Os países desenvolvidos tinham como meta até 2010 doarem cerca de 21 bilhoes de dólares para o continente. Grande "ato humanitário" esse dinheiro é infímio se comparado com a trilhonária injeção de capital estatal pública em corporações privadas. E independetemente de quanto os países desenvolvidos doaram ou doarão à África, não é a caridade destes que vai fazer o continente submergir de seus problemas e dar a mínima qualidade de vida para seu povo.
Rica em minérios, petróleo, pedras preciosas e terras férteis, a África é sugada por grandes multinacionais européias, americanas e asiáticas descaradamente e a mídia lava as mãos diante dos fatos.
Todos os tipos de Ongs, Igrejas, Instituições, Fundações, artistas, utilizam-se da fragilidade do povo africano para promoverem-se, e ao contrário do que apontam veementemente não ajudam, mas atrasam significativamente o progresso naquele continente.
O que a África precisa é dos africanos. Não querem doações, caridade, eles não gritam: "Adotem nossos filhos, por favor!!" Eles querem oportunidades de crescerem por si próprios e com parcerias internacionais. O povo africano tem uma alma guerreira e feliz, apesar de todas as adversidades. A enorme diversidade cultural, geográfica e histórica fazem da África um continente forte o bastante para se levantar sozinho.

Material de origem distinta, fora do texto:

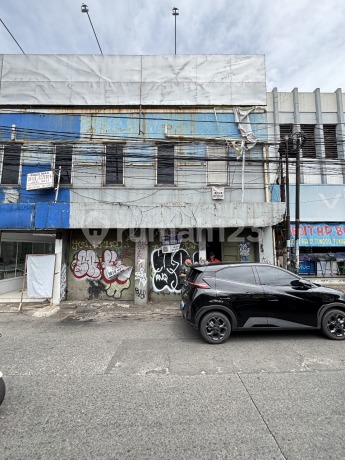 2-Storey Shop House on Main Road Ciputat, 14M Frontage Near Bintaro Cinere Pamulang Depok Toll Road 2-Storey Shop House on Main Road Ciputat, 14M Frontage Near Bintaro Cinere Pamulang Depok Toll Road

O que a comunidade internacional deve fazer é: do ponto de vista econômico negociar parcerias que sejam oportunas para ambos, deixando de lado a exploração e subjugação. Do ponto de vista político, fazer com que a ONU faça jus as suas funções e ajude e monitore os governos dos países africanos, consolidando países fortes democraticamente e politicamente. Do ponto de vista social promover a integração cultural entre os povos.
O povo africano não quer ressarcimento monetário por causa da escravização, exploração e discriminação, quer apenas ter voz no mundo desenvolvido.